LDC is probably not able to perform this optimization if the pointer is stored in a variable and used much later, but this is not a common usage pattern, so I think this can be ignored.

If the compiler is able to perform this optimization, there the "in" can return a boolean, and it can be used cleanly in SafeD code too.

So in this case consider returning a boolean and improving the compiler instead. DMD is probably currently (v20.47) not able to perform this optimization.

-- 
Configure issuemail: http://d.puremagic.com/issues/userprefs.cgi?tab=email
------- You are receiving this mail because: -------
August 26, 2010
http://d.puremagic.com/issues/show_bug.cgi?id=4475



--- Comment #1 from bearophile_hugs@eml.cc 2010-08-26 16:59:06 PDT ---
See also bug 4625

-- 
Configure issuemail: http://d.puremagic.com/issues/userprefs.cgi?tab=email
------- You are receiving this mail because: -------
January 07, 2012
http://d.puremagic.com/issues/show_bug.cgi?id=4475


Stewart Gordon <smjg@iname.com> changed:

           What    |Removed                     |Added
----------------------------------------------------------------------------
                 CC|                            |smjg@iname.com


--- Comment #2 from Stewart Gordon <smjg@iname.com> 2012-01-07 06:21:53 PST ---
From a semantic point of view, in needs to continue to return a pointer in regular D, or a boolean in SafeD.

But if it's well optimised, then in most use cases the generated code would end up the same in both cases.

-- 
Configure issuemail: http://d.puremagic.com/issues/userprefs.cgi?tab=email
------- You are receiving this mail because: -------
January 07, 2012
http://d.puremagic.com/issues/show_bug.cgi?id=4475



--- Comment #3 from bearophile_hugs@eml.cc 2012-01-07 06:28:08 PST ---
(In reply to comment #2)
> From a semantic point of view, in needs to continue to return a pointer in regular D, or a boolean in SafeD.
> 
> But if it's well optimised, then in most use cases the generated code would end up the same in both cases.

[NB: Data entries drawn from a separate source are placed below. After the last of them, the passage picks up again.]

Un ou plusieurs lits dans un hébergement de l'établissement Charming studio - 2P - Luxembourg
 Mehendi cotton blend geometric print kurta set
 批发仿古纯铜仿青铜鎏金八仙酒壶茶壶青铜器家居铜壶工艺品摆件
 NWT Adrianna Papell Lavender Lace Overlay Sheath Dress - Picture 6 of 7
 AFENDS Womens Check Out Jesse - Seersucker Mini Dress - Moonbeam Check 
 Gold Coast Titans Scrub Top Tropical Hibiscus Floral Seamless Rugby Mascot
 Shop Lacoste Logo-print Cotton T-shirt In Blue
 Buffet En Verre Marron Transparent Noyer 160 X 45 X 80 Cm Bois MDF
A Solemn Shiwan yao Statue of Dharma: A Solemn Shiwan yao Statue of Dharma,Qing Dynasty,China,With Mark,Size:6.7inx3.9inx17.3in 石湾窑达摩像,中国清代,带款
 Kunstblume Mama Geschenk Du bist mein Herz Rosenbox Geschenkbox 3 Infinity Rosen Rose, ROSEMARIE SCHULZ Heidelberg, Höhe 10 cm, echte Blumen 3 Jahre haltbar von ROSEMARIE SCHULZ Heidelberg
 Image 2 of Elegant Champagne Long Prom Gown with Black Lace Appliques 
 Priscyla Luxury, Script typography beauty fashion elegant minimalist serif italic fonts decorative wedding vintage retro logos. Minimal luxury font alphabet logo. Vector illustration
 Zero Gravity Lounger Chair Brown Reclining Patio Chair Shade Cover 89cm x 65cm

I think "in" returning a pointer is a case of premature optimization. LDC shows that in most real situations a compiler is able to optimize away two nearby calls to the associative array lookup function into a single call. So I think a better design for "in" is to always return a boolean, both in safe and unsafe D code.

-- 
Configure issuemail: http://d.puremagic.com/issues/userprefs.cgi?tab=email
------- You are receiving this mail because: -------
January 07, 2012
http://d.puremagic.com/issues/show_bug.cgi?id=4475


Alex Rønne Petersen <xtzgzorex@gmail.com> changed:

           What    |Removed                     |Added
----------------------------------------------------------------------------
                 CC|                            |xtzgzorex@gmail.com


--- Comment #4 from Alex Rønne Petersen <xtzgzorex@gmail.com> 2012-01-07 06:28:41 PST ---
I would be against making 'in' return bool for AAs. I often do:

if (auto x = foo in someAA)
    // do something with *x

Doing a lookup after checking for foo's presence in someAA is ugly compared to this.

-- 
Configure issuemail: http://d.puremagic.com/issues/userprefs.cgi?tab=email
------- You are receiving this mail because: -------
January 07, 2012
http://d.puremagic.com/issues/show_bug.cgi?id=4475



--- Comment #5 from Alex Rønne Petersen <xtzgzorex@gmail.com> 2012-01-07 06:29:23 PST ---
Furthermore, such a change would break way too much code.

-- 
Configure issuemail: http://d.puremagic.com/issues/userprefs.cgi?tab=email
------- You are receiving this mail because: -------
January 07, 2012
http://d.puremagic.com/issues/show_bug.cgi?id=4475



--- Comment #6 from bearophile_hugs@eml.cc 2012-01-07 07:18:55 PST ---
(In reply to comment #4)
> I would be against making 'in' return bool for AAs. I often do:
> 
> if (auto x = foo in someAA)
>     // do something with *x
> 
> Doing a lookup after checking for foo's presence in someAA is ugly compared to this.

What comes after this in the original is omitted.